Steve Brotman, Founder of Ad One Classified Network
Steve Brotman is just three years shy of 30 and already the founder of Ad One, an online classified ad service providing classified ads to small newspapers that don’t have either the staff or funding to handle this themselves. Ad One currently boasts 160 customers and is set for big things!
Seed stage investments represent one of the highest risks in venture capital. Investors must take an enormous gamble on an unproven company before it has even generated any revenues.
Early Life and Education
Steve Brotmann was born in Tacoma, Washington and graduated with a political science degree from the University of Washington. Following this he briefly practiced law before co-founding Costco Wholesale Corporation with his brother Mike.
He currently serves as a Managing Partner at Alpha Partners, having co-founded and served as Managing Director for Greenhill SAVP (now Greenhill Ventures), Greenhill & Company’s venture capital unit, as well as Silicon Alley Venture Partners prior.

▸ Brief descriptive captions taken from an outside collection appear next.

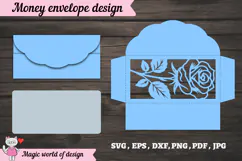 Beautiful Floral Rose Money Envelope svg, Papercut Gift Product Image 2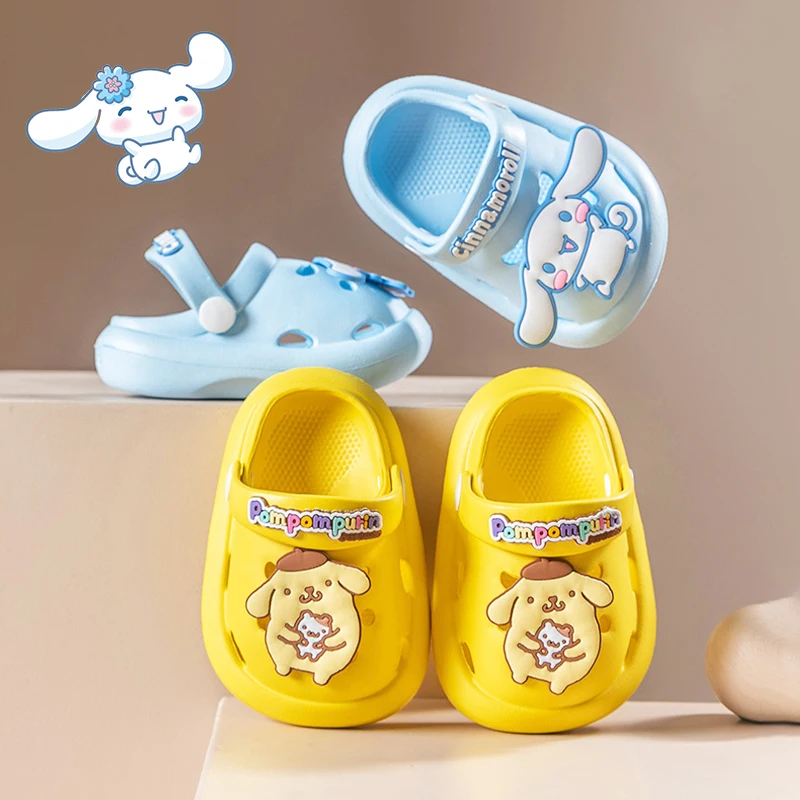 

Sanrio Cute Kuromi Children's Slippers Cinnamoroll Anime Kawaii Summer Beach Outdoors Bathroom Anti-Slip Sandals Baby Toys Girls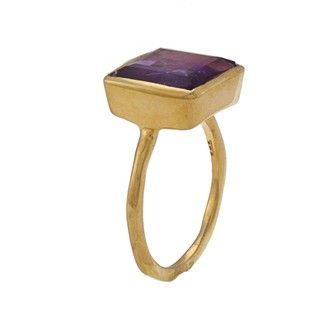 Gold over Silver Amethyst Square Ring (Israel) Rings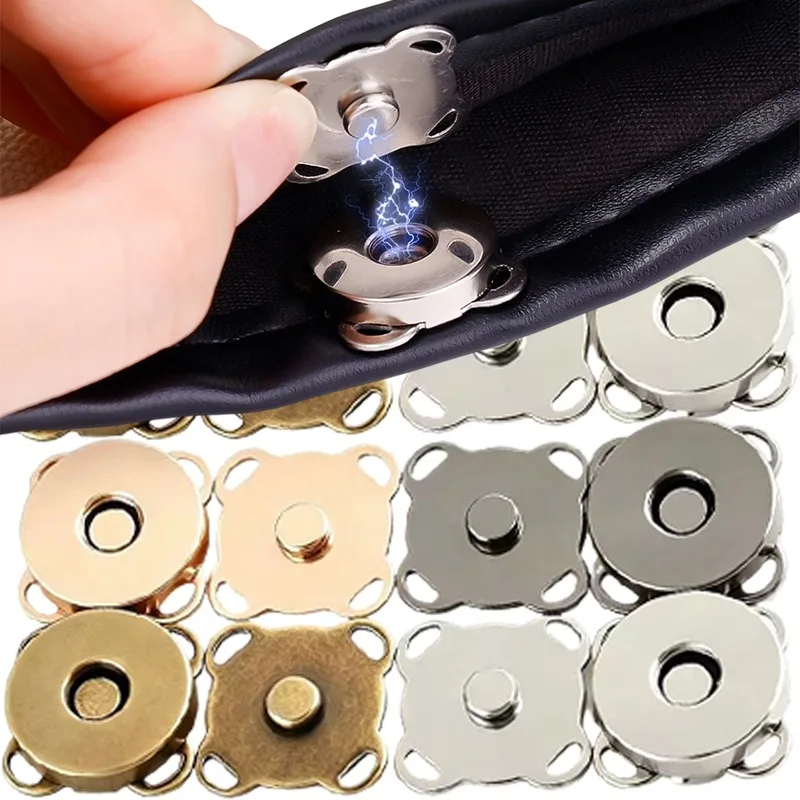 14/18MM Metal Magnetic Snap Buttons Invisible Sew on Clasps Fasteners for Luggage Leather Craft DIY Sewing Hardware Accessories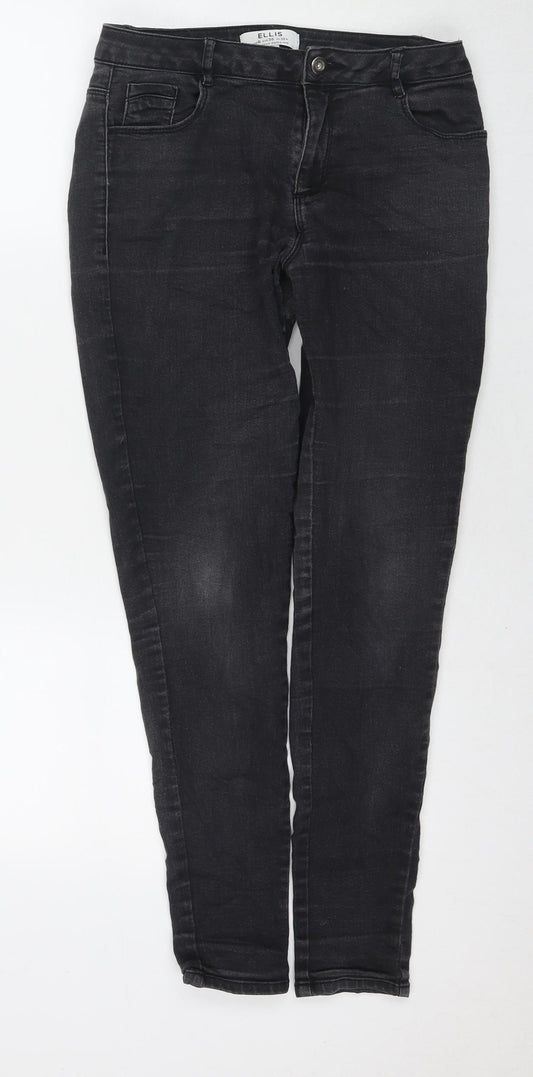 Dorothy Perkins Womens Black Cotton Skinny Jeans Size 10 L28 in Regular Zip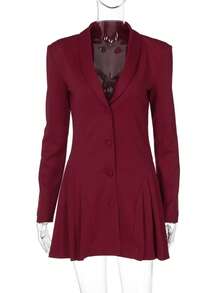 Elegant Short Dress With Blazer Collar And Deep V-Neck In A Solid Color - 酒紅色 - 查看 8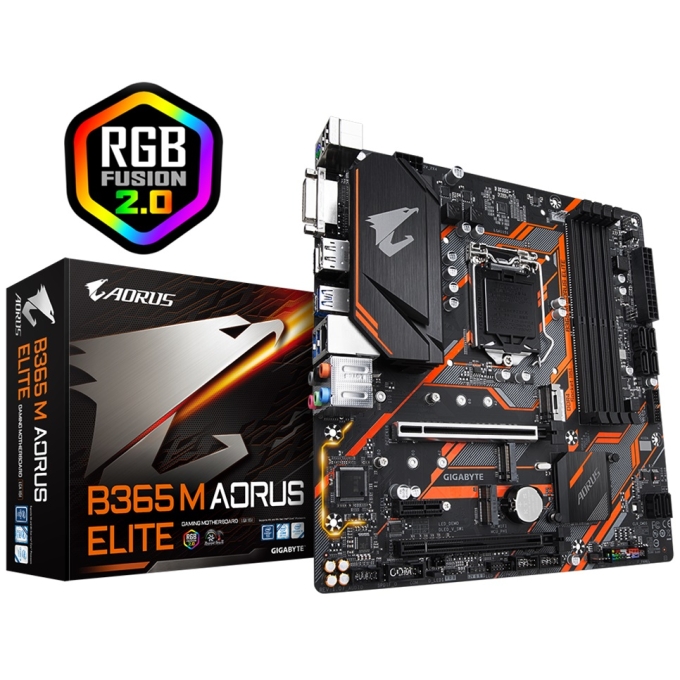 Placa Madre Mainboard GIGABYTE B365 M AORUS ELITE LGA1151 DDR4 INTEL B365 RGB INTEL GBE LAN DUAL M.2 SLOT - Intel 9na / GIGABYTE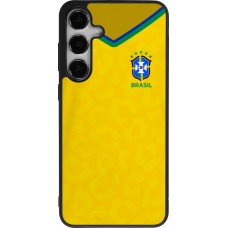 Coque Samsung Galaxy S25+ - Silicone rigide noir Maillot de football Brésil 2022 personnalisable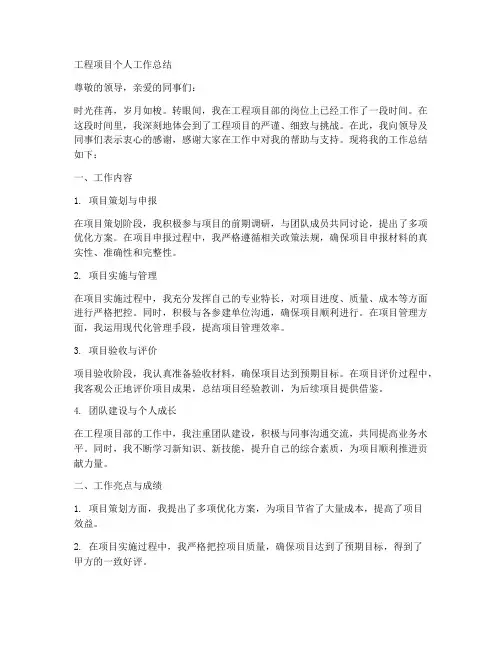 工程项目点个人工作总结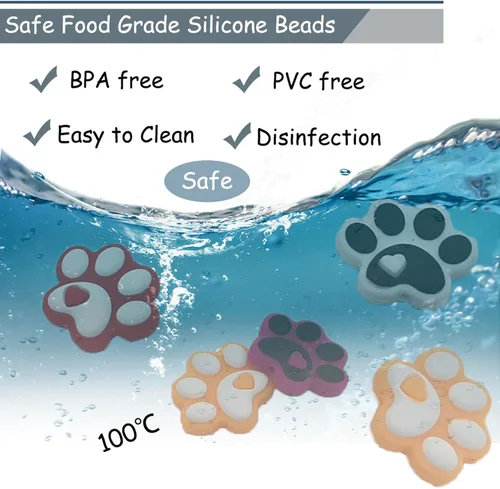 Vista 3 de YOKUSHI 14 cuentas focales de silicona para bolígrafos, llaveros y más, 0.98 x 1.18 pulgadas, 3D cóncavo-convexo, sin BPA, con forma de perro gato
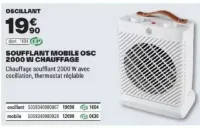 Soufflant Mobile OSC 2000 W Chauffage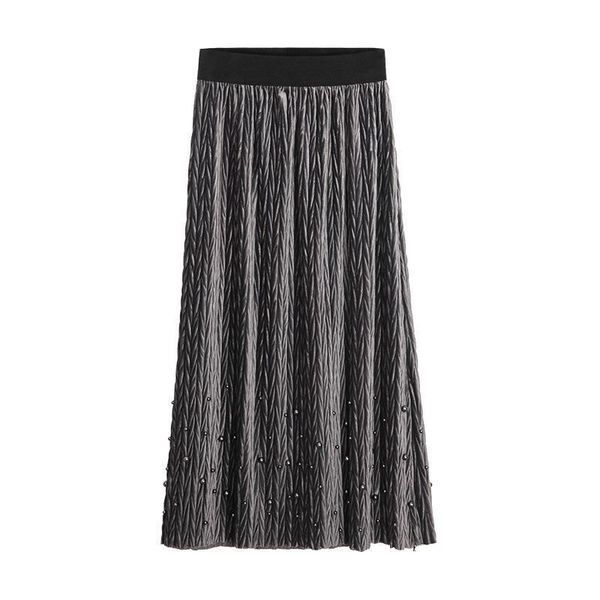 

skirts 2021 spring arrival korean velvet skirt beading vintage high waisted pleated 4 colors available, Black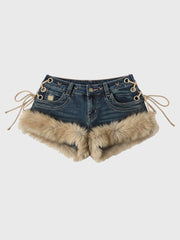 2026 New Y2K Millennial Spicy Jeans, American High Street Fuzzy Patchwork, Low Waist Hot Pants, Trendy for Autumn Winter Wear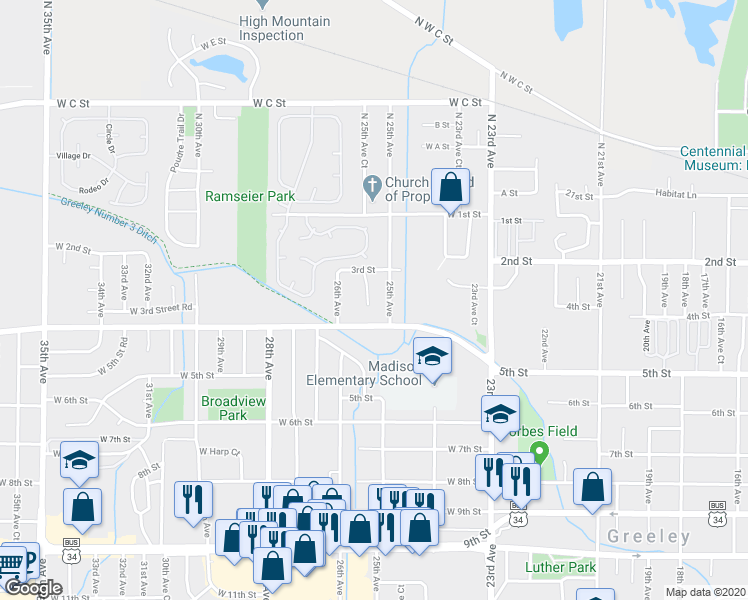 map of restaurants, bars, coffee shops, grocery stores, and more near 326 25th Avenue Court in Greeley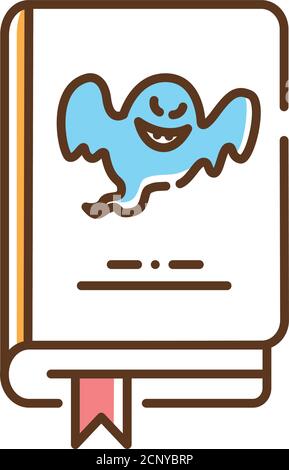 Icona della linea a colori del libro horror. Un genere di finzione speculativa che è destinato a spaventare, o startle i suoi lettori inducendo sentimenti di orrore e. Illustrazione Vettoriale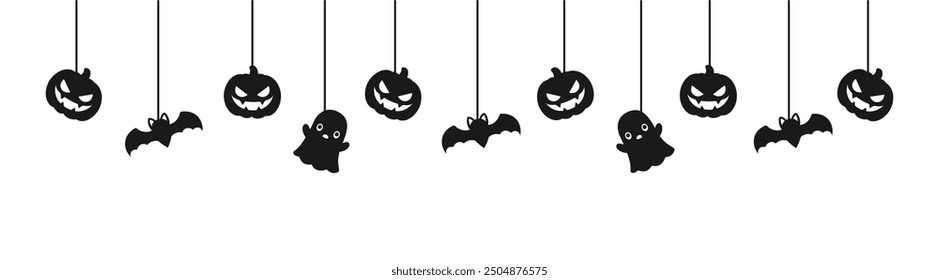 Happy Halloween banner or border with black bats, ghost and jack o lantern pumpkins silhouette. Hanging Spooky Ornaments Decoration Vector illustration, trick or treat party invitation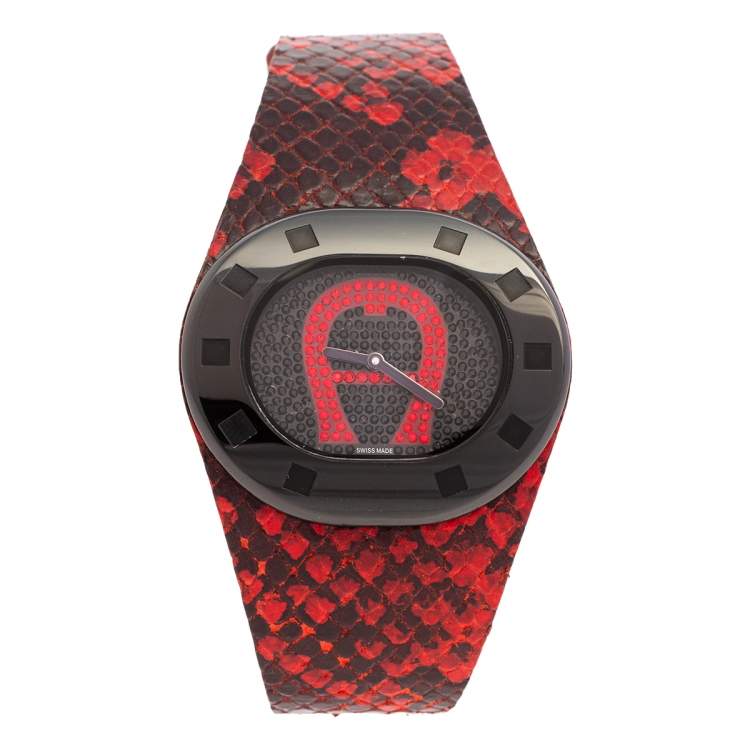 Pre Owned Aigner Black PVD Stainless Steel Leather Ravello Due A21000 Women's Wristwatch 43 mm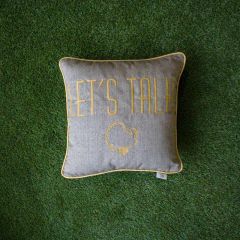 Sunbrella Monogrammed Holiday Pillow - 18x18 - Thanksgiving - Let's Talk Turkey - Gold on Grey with Gold Welt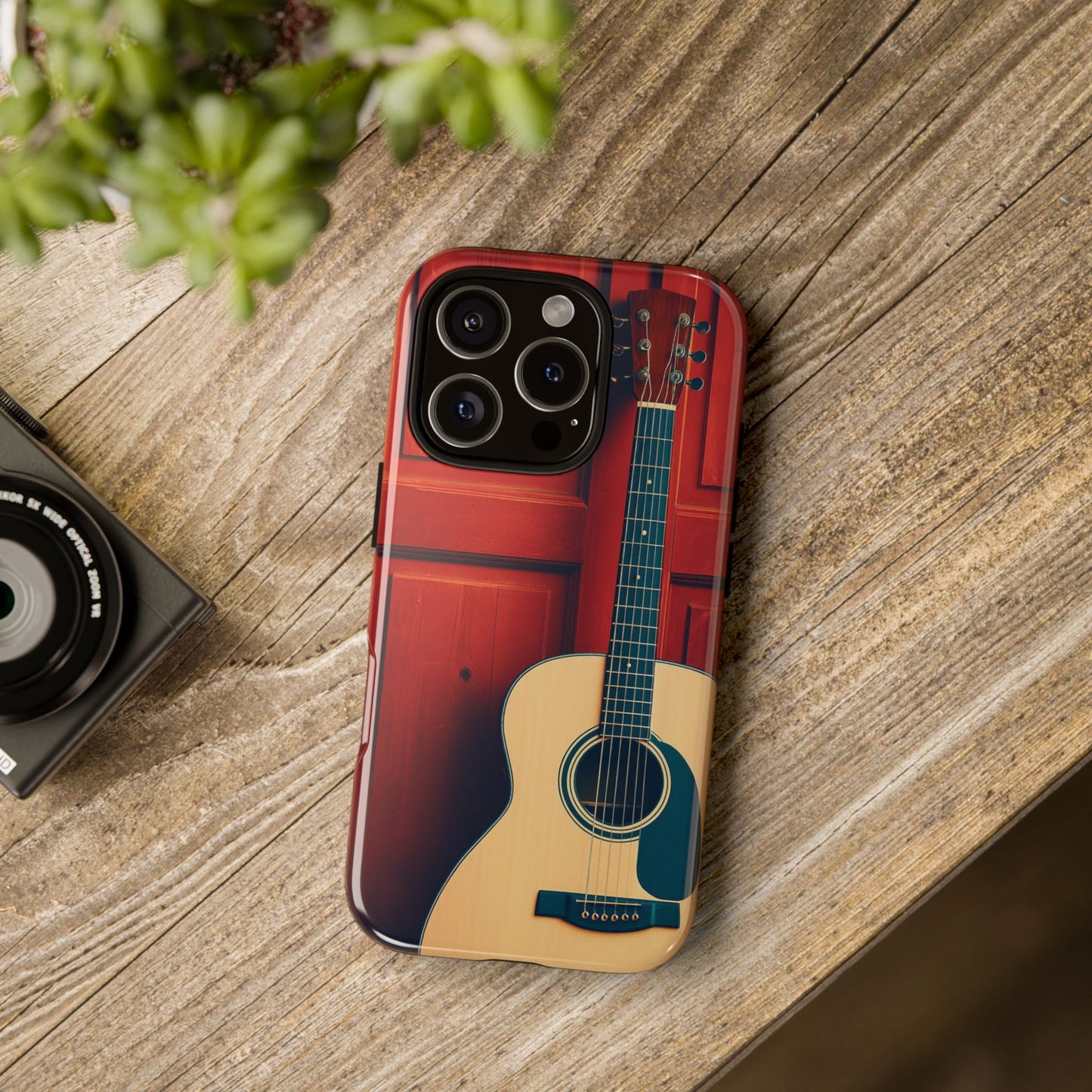 Guitar Phone Case, Tough Cases for Musicians, Unique Gift for Guitar Lovers, Music Themed Tech Accessory, Acoustic Guitar Design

At these funds he led investments into LivePerson, UGO, Datasynapse, Medidata Solutions among many others.
Brotman began his new career in 1998 as co-founder and CEO of Ad One Classified Network, an Internet-based classified ads service providing ads for local newspapers that was ultimately acquired by Hearst.
Steve Brotman is a highly esteemed venture capital investment professional. With an illustrious career as both an entrepreneur and fund manager, he now oversees Greenhill SAVP which specializes in technology-related companies.
Robert was also the founder and CEO of Ad One Classified Network, a pioneer online classified advertising service acquired by Hearst. His success stems from his dedication to building businesses that make an impactful statement about customer value proposition and employing an effective value creation strategy throughout his career.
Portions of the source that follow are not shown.